§ THE TASK:
Word for word, output every line of the material below, minus pictures.

§ PROVIDED RECORDS:

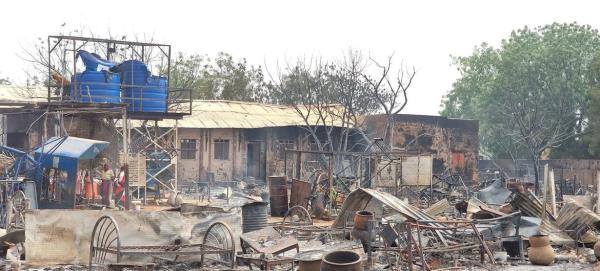 A school and centre for displaced people in West Darfur, supported by Save the Children, were destroyed in late April 2023 due to ongoing fighting in Sudan. (file)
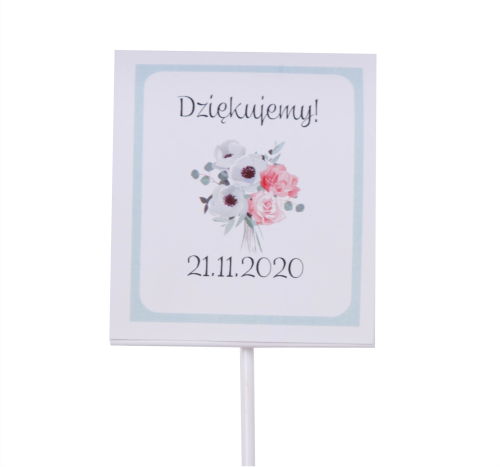 kwiatowe lizaczki podziękowania dla gości weselnych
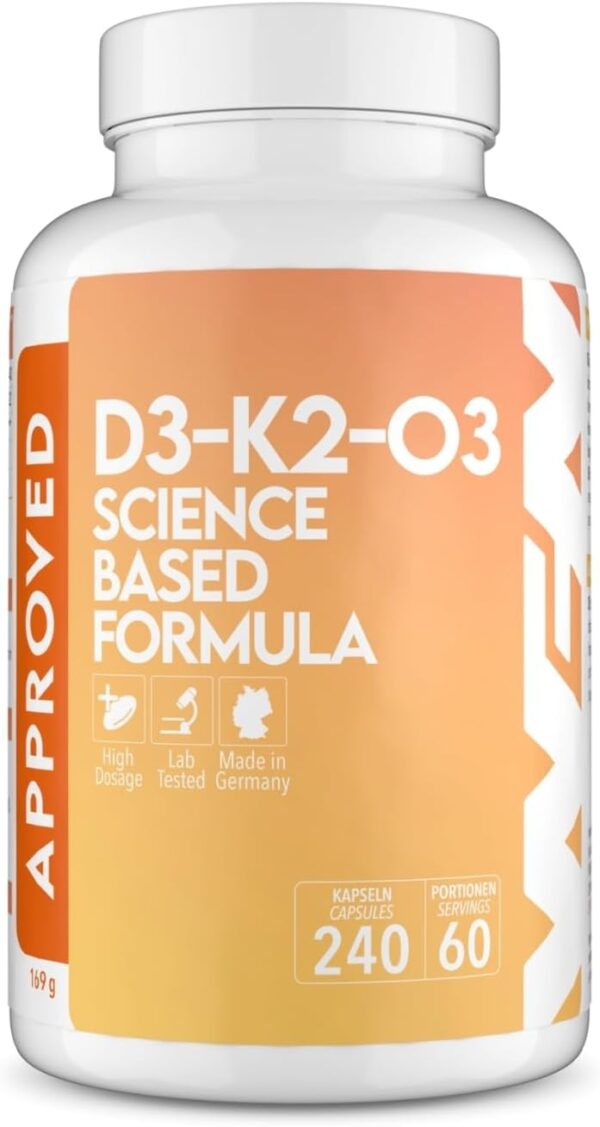 WFN Approved D3-K2-O3 - Vitamin D3 + K2 + Omega 3 - K2VITAL All-Trans K2 MK-7 - Hochdosierte Fischöl Kapseln in Triglycerid-Form - Bioverfügbares D3 - Produziert & laborgeprüft in Deutschland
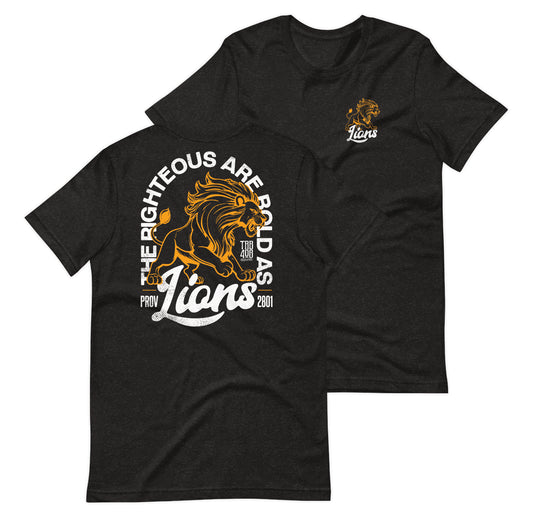 Black short sleeve Bold As Lions Tee, Front and Back, Christian Apparel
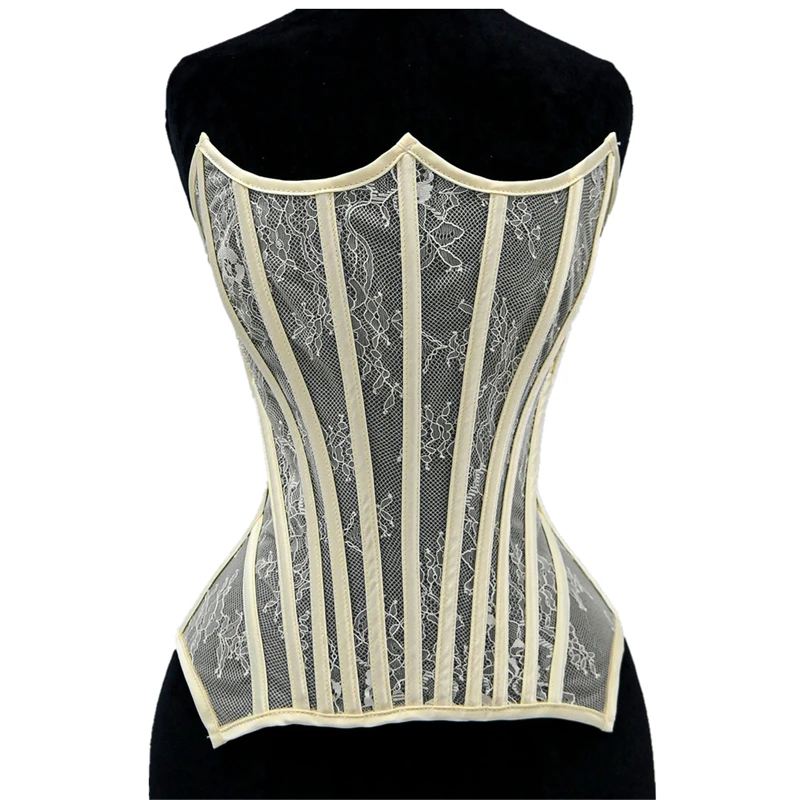 Women Mesh Sexy Corset Bustiers Overbust Transparent Bodice Lace Up Boned Waist Trainer Tummy Control Shaping Tops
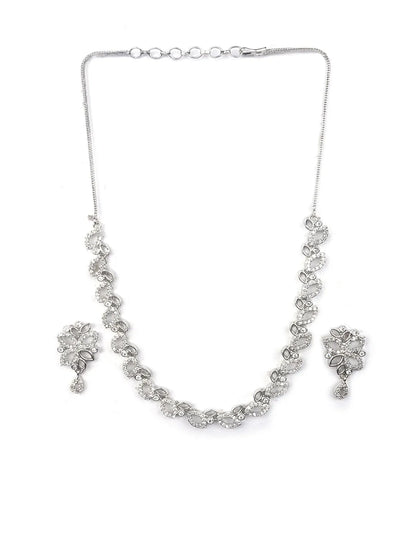 Silver Plated AD Bela Necklace Set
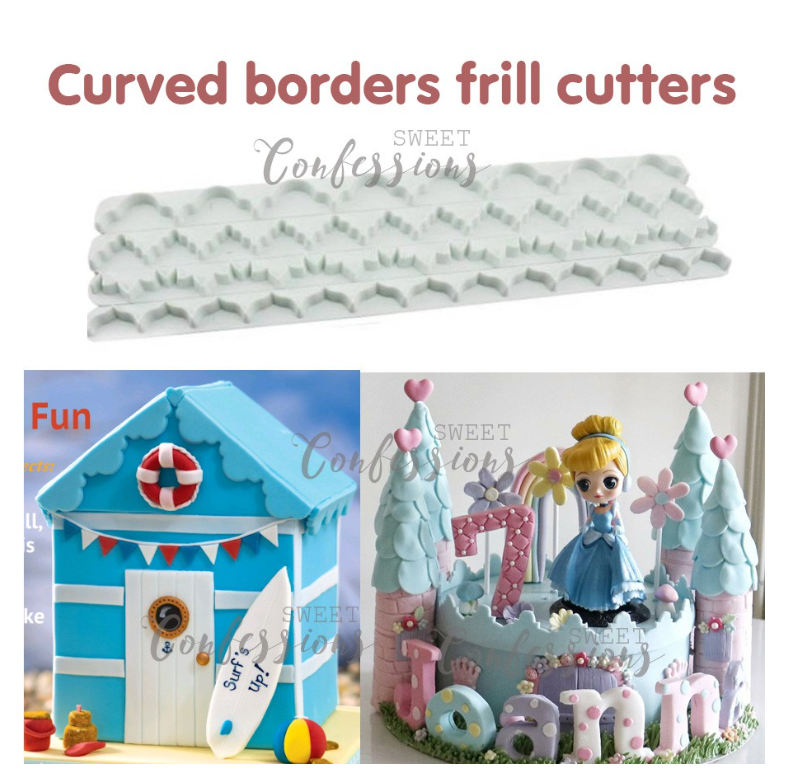 Straight Frill cutters - 4pcs set curved borders grass roof fondant cake decorating cutter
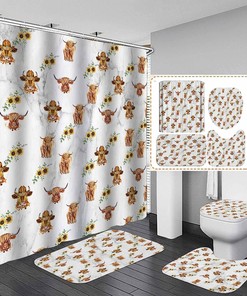 Highland Cow Sunflower Shower Curtain, Bullhorn Wildlife Animal Marble Texture Rustic Farmhouse Western Bathroom Décor
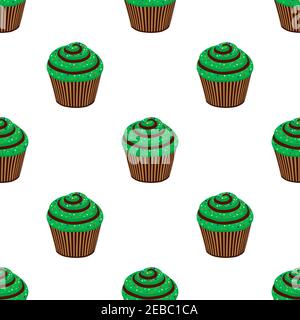 Illustration on theme Irish holiday St Patrick day, seamless green muffins. Pattern St Patrick day consisting of many identical muffins on white backg Stock Vector
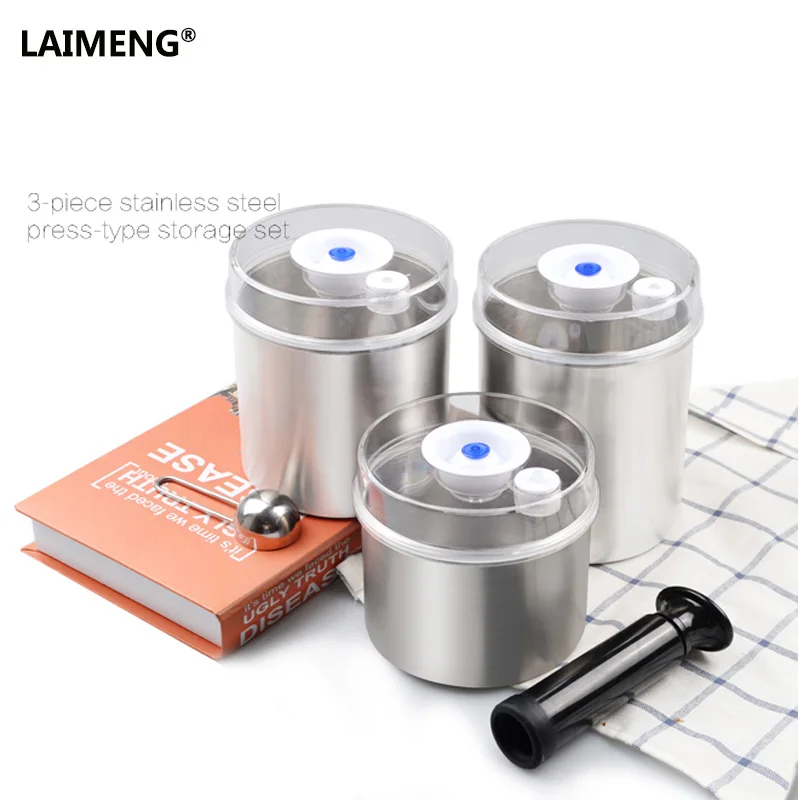 

Laimeng Food Grade Vacuum Canister For Vacuum Sealer Packaging Machine Fresh Stainless Canister Set 1300ML+1000ML+700ML S165R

§ RESPONSE TO THIS EXERCISE:
 A school and centre for displaced people in West Darfur, supported by Save the Children, were destroyed in late April 2023 due to ongoing fighting in Sudan. (file)
 kwiatowe lizaczki podziękowania dla gości weselnych
 WFN Approved D3-K2-O3 - Vitamin D3 + K2 + Omega 3 - K2VITAL All-Trans K2 MK-7 - Hochdosierte Fischöl Kapseln in Triglycerid-Form - Bioverfügbares D3 - Produziert & laborgeprüft in Deutschland
 Black short sleeve Bold As Lions Tee, Front and Back, Christian Apparel
 Women Mesh Sexy Corset Bustiers Overbust Transparent Bodice Lace Up Boned Waist Trainer Tummy Control Shaping Tops
 Silver Plated AD Bela Necklace Set
 Straight Frill cutters - 4pcs set curved borders grass roof fondant cake decorating cutter
 Highland Cow Sunflower Shower Curtain, Bullhorn Wildlife Animal Marble Texture Rustic Farmhouse Western Bathroom Décor
 Illustration on theme Irish holiday St Patrick day, seamless green muffins. Pattern St Patrick day consisting of many identical muffins on white backg Stock Vector

Laimeng Food Grade Vacuum Canister For Vacuum Sealer Packaging Machine Fresh Stainless Canister Set 1300ML+1000ML+700ML S165R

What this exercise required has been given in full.